尤三郎也在喘氣,他與皇甫山一樣,以為那是一團白雲,表現出驚嚇過度之後的不好意思狀卜夫卻沉聲道:「那絕不是雲,絕對不是雲!」
卞不疑道:「你如何認定那不是雲?」
卜夫道:「我的刀遇有阻擋,又鋒砍在軟東西上,一點力量也著不上,這不是東西是什麼?」
尤三郎也在想——他剛才那一下似乎也鉤中了什麼,只是未曾鉤中而已。
卞不疑緩緩走近梁心,道:「大老闆,剛才到底是怎麼一回事,你怎麼不躲閃?」
梁心未回答,他甚至木然的動也未動。
卞不疑走過去伸手摸,他不由全身猛一震。
皇甫山道:「他怎麼不說話?」
卞不疑道:「你見過死人會說話的?」
尤三郎大叫:「他不能死!」
尤三郎的女兒尤二姐下落不明.梁心如果死掉,他的女兒向誰要?
皇甫山更急,小玉兒已離開多日,梁心是關鍵人物,如果梁心一死,到哪裡去找小玉兒。
梁心早該死,如果不是因為小玉兒與尤二姐,他早就死在清風鎮上了。
皇甫山一急,大聲叫:「快救他,他不能死!」
卞不疑當然知道梁心不能死,十九根銀針匆忙的刺入梁心各穴道中,單梁心的胸口就插入七八根。

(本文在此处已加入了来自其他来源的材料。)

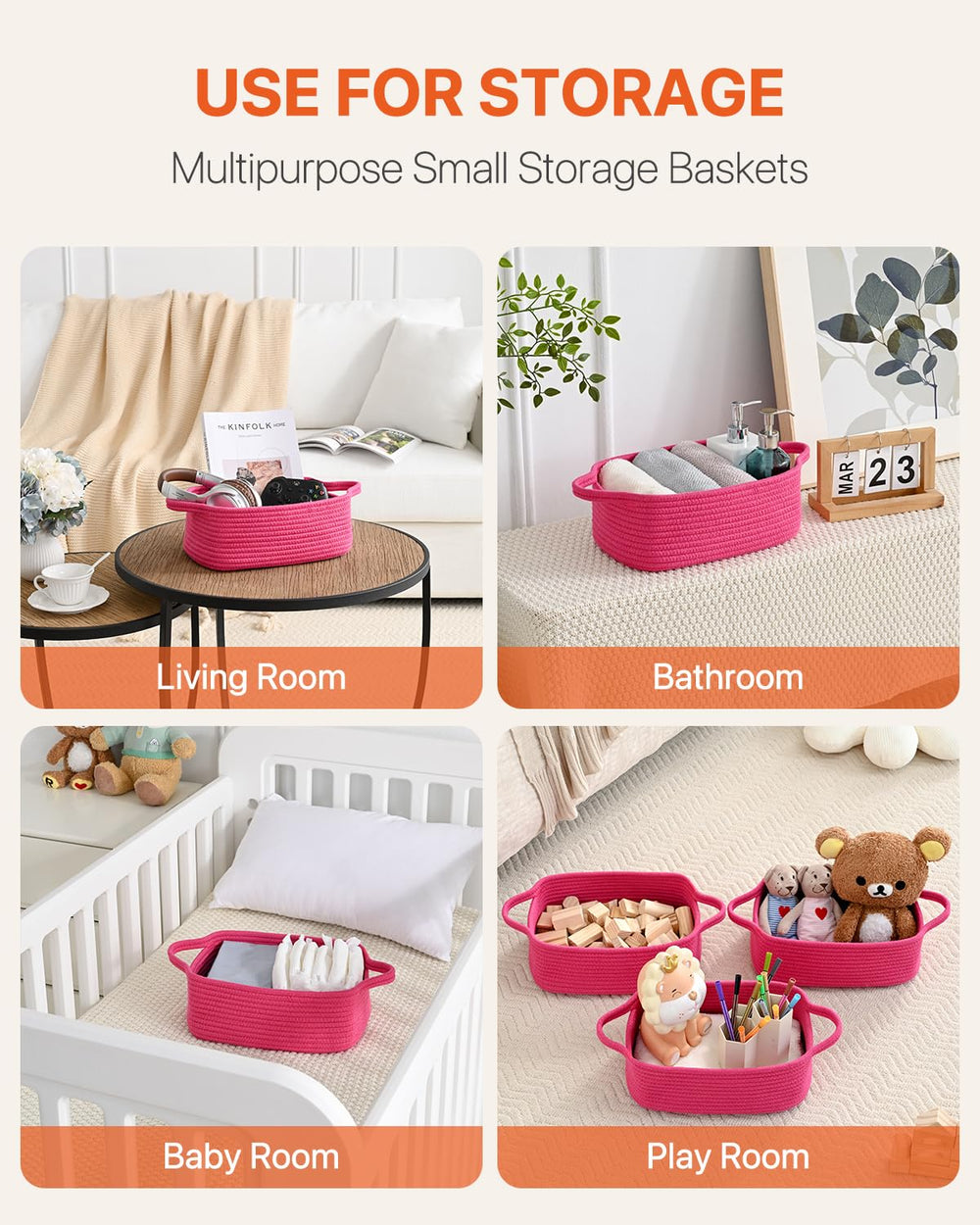 KALLAX hot-pink gift basket styled for gifting and display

也真難為卞不疑,黑天半夜大山上,他竟然認穴那麼準,他還一手按住梁心的命門穴。
就在卞不疑吃力的流出汗水中,他喘著氣,道:「劇毒順脈攻心,神仙也難治,這是毒……」
皇甫山見梁心動了一下,急急忙低頭大聲喊,那聲音就彷彿空谷傳音似的,道:「大老闆,你快說,姑娘送到哪裡了?」
梁心在卞不疑催動半僵硬的血脈下,勉強張開獨眼睛,他說了三個字——也是叫四個圍住他的人大感洩氣的話,道:「不……知……道……」
卞不疑連取丹丸的機會也沒有,雙手盡力催動一股熱力往梁心的體內灌注。
他的額上在冒汗水,高山寒意對他似乎不起什麼冷的作用,卞不疑還口乾舌燥。
皇甫山又在梁心耳邊大叫,道:「梁老闆,你已將死之人,人死之言最善,你總得說句實話吧?」
梁心又張開獨目,卻有一股黑黑的血從他的發問流下來,血流之處,皮膚潰爛,光景實在嚇人。

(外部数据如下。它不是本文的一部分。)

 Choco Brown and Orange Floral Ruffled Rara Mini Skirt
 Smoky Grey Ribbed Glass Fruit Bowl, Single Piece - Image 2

梁心忽然挺了一下雙肩,他拼命的道:「金木水……火……士……」
尤三郎道:「金木水火土,是五行……」
梁心哇的吐出一口鮮血,又道:「萬……飛蝶……」
他吐出最後三字,便只目一厲,死在地上!
卞不疑似是虛脫了,他坐在地上大喘氣……
皇甫山看出卞不疑的身子軟巴巴,知道他已用盡氣力,這時候他需要調息。
尤三郎對卜夫低聲道:「卜兄,你以為梁心是怎麼死的?」
卜夫道:「一片烏雲罩上來,我沒看清楚!」
尤三郎道:「那不是雲,我敢保證絕對不是雲,如果當時我們不出刀,也許我們也完了。」
皇甫山關心卞不疑,他呆呆的守在卞不疑身邊。
他不放心尤三郎與卜夫二人,因為從梁心的談話中,他知道尤三郎曾盜了他的秘窩——秘窩中的一把金劍已經落在尤三郎手中。
皇甫山也清楚一件事情,那便是尤三郎也知道「龍角刺」已在卞不疑身上,此時此刻,他不敢相信尤三郎與卜夫二人不會趁機出手搶奪。

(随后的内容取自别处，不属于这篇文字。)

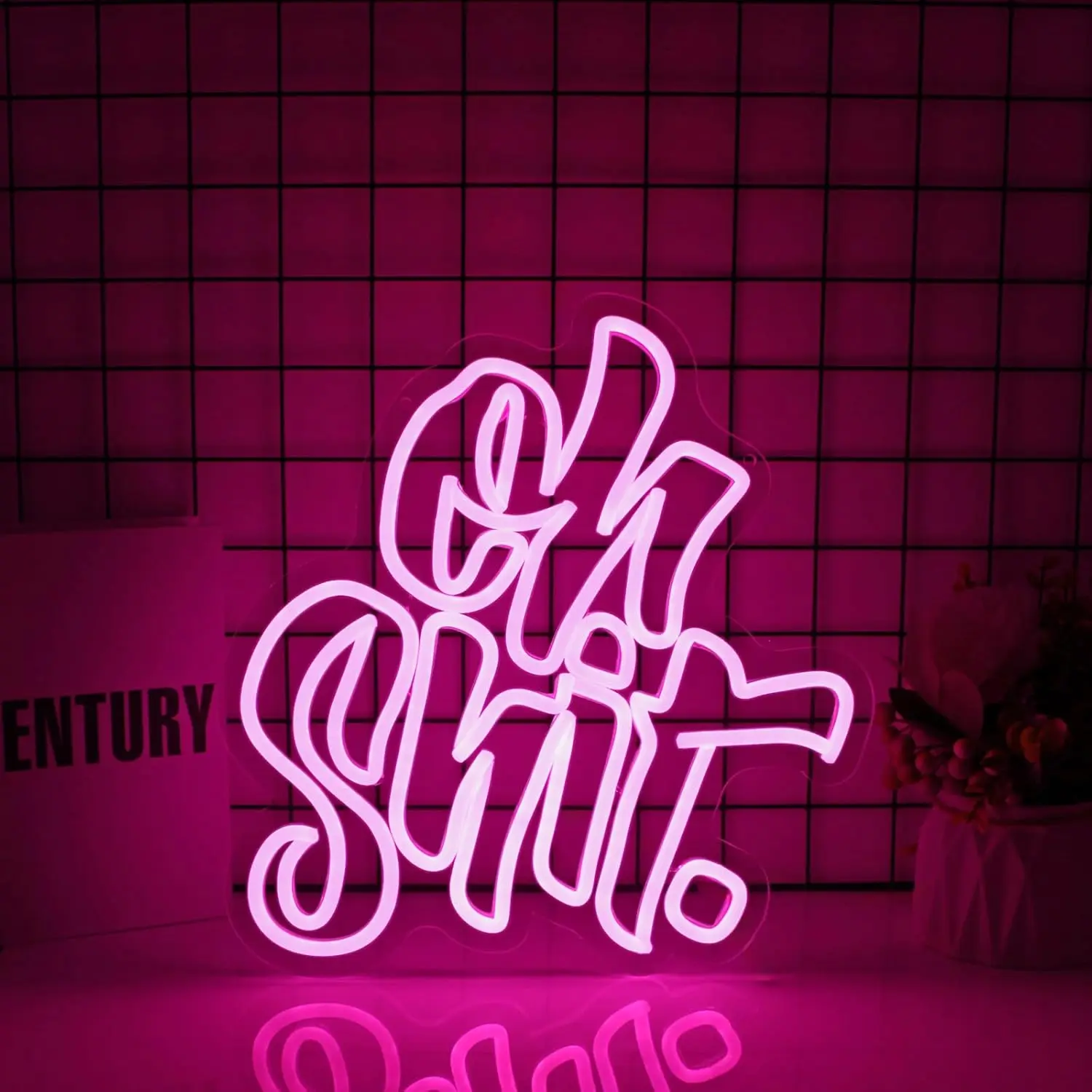 Oh Shit Neon Sign For Wall Decor 5/12V USB Power Pink Light With Dimmable Switch Neon Sign For Living Room Bar Party Club Decor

尤三郎心中確有此念頭,但他衡情量勢,覺得還是先救自己女兒為重,更何況皇甫山的金手指功早已令他心中不舒服,貿然出手的事情就是莽撞。
尤三郎是江湖老油條,沒把握的事情他不幹。當然,他心中也有打算,如果他想要龍角,他自會利用他的專長,而他的專長就是「盜」。
卜夫走到梁心身邊,他低下頭看一眼,立刻吃驚的道:「我的乖,全身變成烏黑色。」
尤三郎道:「這是什麼毒呀,真厲害!」
卞不疑開口了。
他的語聲鏗鏘有力,聽的尤三郎猛一驚,他不敢相信卞不疑的體力恢復得這麼快——嚇人嘛!
皇甫山面帶微笑的不開口,因為他知道卞不疑的本事,如果梁心不是中了劇毒,梁心是不會死的!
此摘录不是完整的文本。